An hour later, I boarded a bus bound for Marrakech. The windows were broken and stuck, the tires were complelely bald, and the exterior paint was chipped and faded. I said goodbye to Driss and Abdelhak, who had accompanied me to the bus station, and with trepidation and a still-heavier heart, boarded the bus.



Luckily, my local Peace Corps friend Anne had given me some English language books to pass the time during my travels. And so, with the help of Carl Hiaasen (cheesy, yet fun, mystery writer) and Barbara Kingsolver (wonderful book--Bean Trees), I was able to ignore (mostly) the treacherous cliffs and mountain passes that our bald-tired bus was traversing.

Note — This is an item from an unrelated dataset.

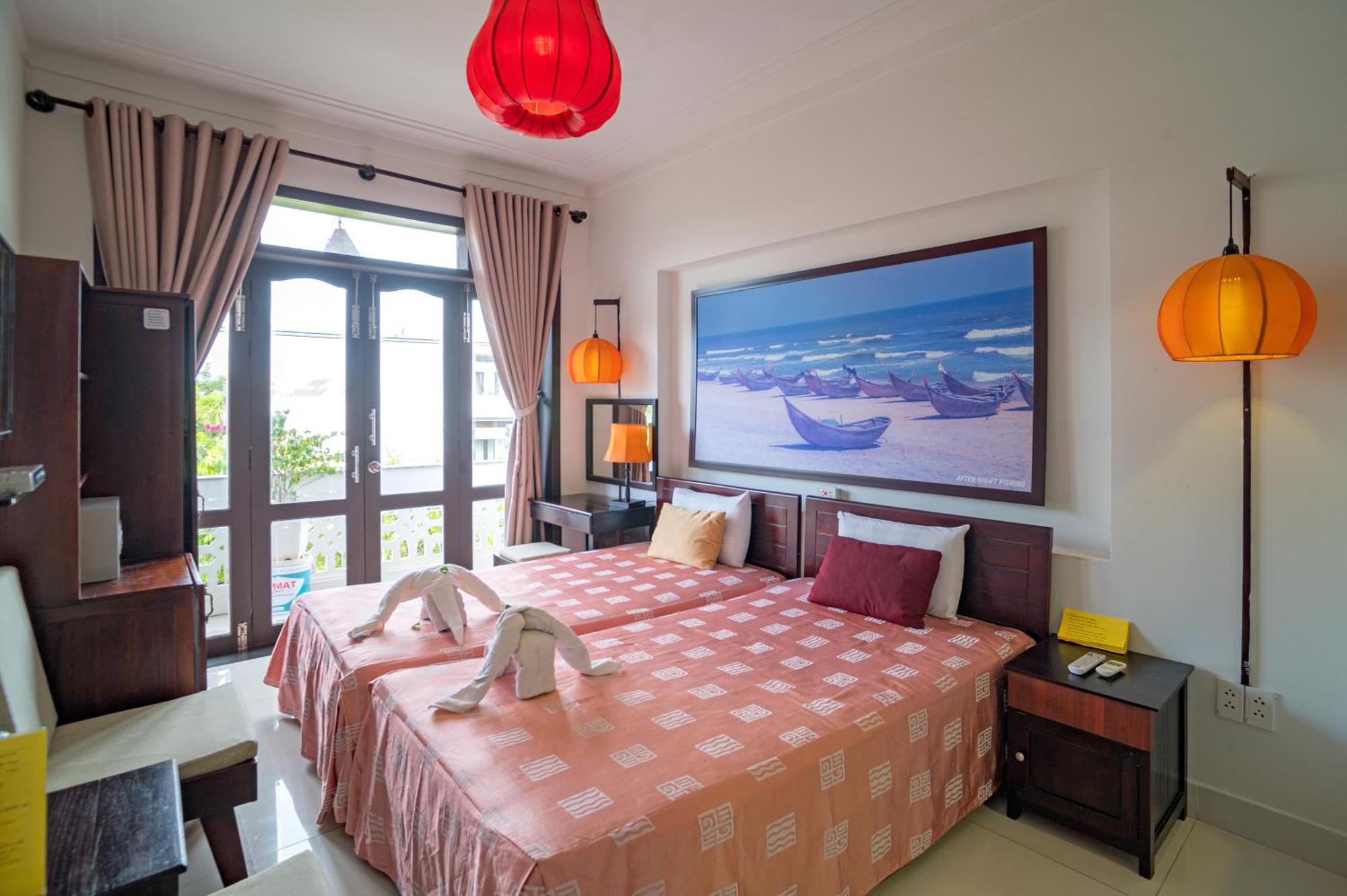 Apartamento The House 36 Hoi An Exterior foto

Twelve hours later I reached Marrakech, tired and sore, and grabbed a taxi to the main square. I honestly felt something like a country bumpkin must feel on his first trip to the big city. Everything was too fast, too much, too new, too bright, for my countrified eyes. In the span of one bus ride, I skipped from dark roads and adobe homes to neon and traffic jams.

My response was multifaceted. Here is what I wrote last night in my journal before going to bed:

And so it all comes down to this--to the end of a portion of this trip. It is an end marked by moments of true splendor and amazement, of incredible shock that this city could possibly exist in the same country as Ksr El Barrani. It is an end of bright lights and smoke and a mass movement of people that shocks the senses, or wide-eyed excitement at the sheer glory of this towxn--the rising, backlit towers of the mosques, the inmpressive walls of the medina, the sheer number of people and cars.

It is also, unfortunately, a reminder of the realities of this country's tourist-filled cities. It is the annoyance of the hashish sellers and shop owners, pushy as ever, still hissing at me in the darkness. It is the waiter (to use a term loosely) at an outdoor grill who literally shakes his open palm in my face while telling me that the tip is not included. It is this same waiter who takes my reluctantly-offered tip (as far as I could tell, he had done nothin) and kicks (or feigns to kick) it into the teeming throngs of people in the famed Djeema El Fna Square, deeming it unworthy of his "work."

Tonight I fly to Madrid, officially terminating the Morocco section of this summer's traveling. I will spend the night in the Madrid airport, and tomorrow head for Lisbon on an early-morning flight.